From Redundancy to Efficiency: Transforming Machine Learning Operations at Chime

Early Challenges with Scaling Machine Learning

In the early days of ML at Chime, each ML model was built from scratch with a bespoke code repository for data preparation, training, and deployment. At first, this approach helped us quickly prove the value of machine learning, but as we scaled, it slowed us down.

As Chime grew, our machine learning footprint expanded to over 40 models in production, each with unique complexities. These models tackled different prediction problems, ranging from fraud detection to marketing optimization. While they shared similar goals, every new feature or bug fix had to be implemented independently across dozens of different codebases.
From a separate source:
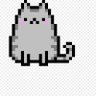 Фото профиля catlazy999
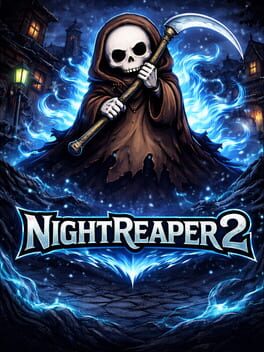NightReaper2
We were spending more time maintaining these models than building new ones. With over 100,000 lines of duplicated code, updating each model individually became time-consuming and error-prone.

Moreover, onboarding new data scientists became challenging. Each model's specific implementation required a considerable effort, making collaboration difficult and slowing down innovation. We needed a better approach—one that streamlined model development, reduced duplication, and fostered collaboration. This need led to the development of MLKit.

What is MLKit?

MLKit is an internally developed, configuration-driven machine learning framework designed to address the challenges of creating and maintaining multiple machine learning models within our organization. By centralizing the model creation process and abstracting away much of the repetitive and error-prone work, MLKit enables data scientists and engineers to quickly build, train, and update machine learning models with minimal hands-on effort.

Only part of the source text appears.